How to Avoid Transactional Results in a High-Value World

We live and work in a service economy, but too much of our sales training is based on peddling transactions: When a customer has a need, we source the solution, assess our cost, add profit, and offer a price. In order to differentiate, we include “value-added” services, which may be as rudimentary as being pleasant up to the extreme customer service models that so few can afford. The fundamental problem with this simplistic view of how we make money is that our customers are far more complicated than that. Customer complexity is actually a good thing, if you learn how to assess and respond to it.

A transactional result is one in which you price the product but don’t assess its worth to the buyer.

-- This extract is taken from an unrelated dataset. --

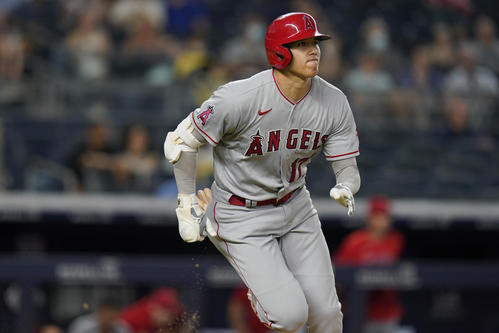 5回、2打席連発となる28号を放った大谷（AP）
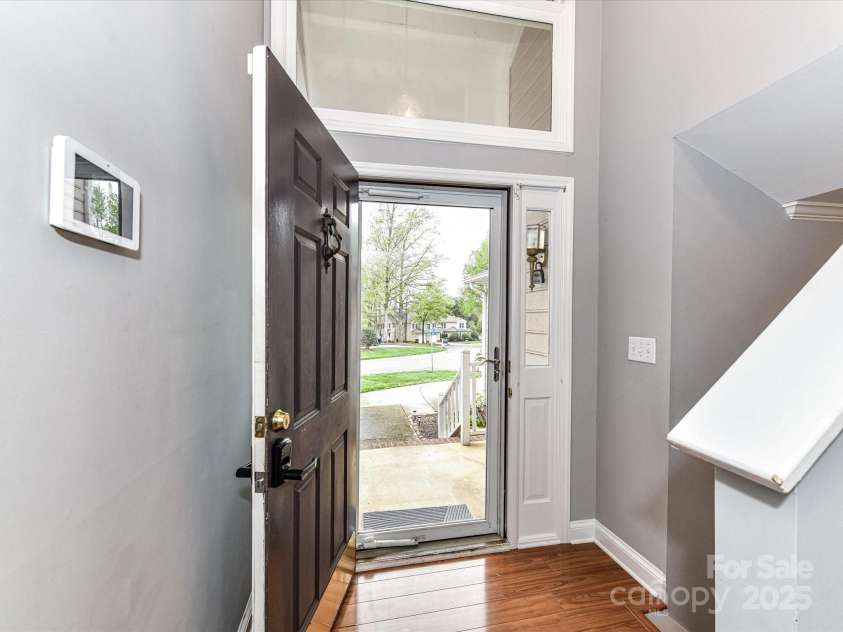 4743 Morning Dew Court, Charlotte, NC 28269.  MLS# CAR4244275, YatesRealty ID 13756. Welcome!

As someone that travels a lot, I get to compare notes with other frequent fliers. Most folks that travel on business don’t have the option to purchase first or business class tickets and therefore rely on their frequent flier status for upgrades. Do you want to locate the grumpiest person on any flight? It’s the executive that didn’t get his upgrade and has to fly in coach. For years, airlines overpriced their best seats and sold less than 20% of them. The rest were given away as upgrades. Many years ago this made sense because fliers had many, many choices for flights and airlines used upgrades to buy loyalty. Today there are fewer routes, almost no empty seats, and airline loyalty is waning as fliers seek better prices. In the past couple of years, airlines have finally dropped the price of first class seats and now sell more than half, increasing the net revenue on the first class section. The losers are the frequent fliers that get fewer free upgrades. Why is this important to understand in a discussion about transactional pricing?

The fewer free upgrades awarded, the more first class seats sold. And…what is the worth of a better seat to a frequent traveler? That my friends, is the right question. Airlines had the pricing wrong for years. Now they have optimized the value of the premium seat by tapping into the frequent traveler’s pain: worrying about getting an upgrade.

What’s important to your customer? What is their pain? What is the need that goes beyond the deliverables of your product or service? We live in a high-value world. Whatever it is you do or sell, someone else can match your specification and there is always someone that can and will beat your price. Every transaction you attempt is at risk of a reasonable substitute – reasonable to the buyer, at least. Your job as the seller is to tap into their true needs before setting a price.

Your product or service is infinitely valuable: It is worth somewhere from zero to priceless depending on the buyer.

Which brings us to our problem. If we want to avoid transactional results, we need to focus on the value our customers seek – not the just the worth we want to portray. This is what airlines figured out: their pricing was contributing to their problem. The economic landscape changed as airlines consolidated and routes were decreased. In the meantime, travel security had made travel even more costly in terms of time. Customer pain for the frequent traveler moved from price and availability to comfort and timeliness.

If your sales team is telling you that customers are still buying on price, then listen more closely to what your customers are really saying you about their needs. Price may be one factor, but solve their real pain and watch how quickly they are willing to pay a higher price.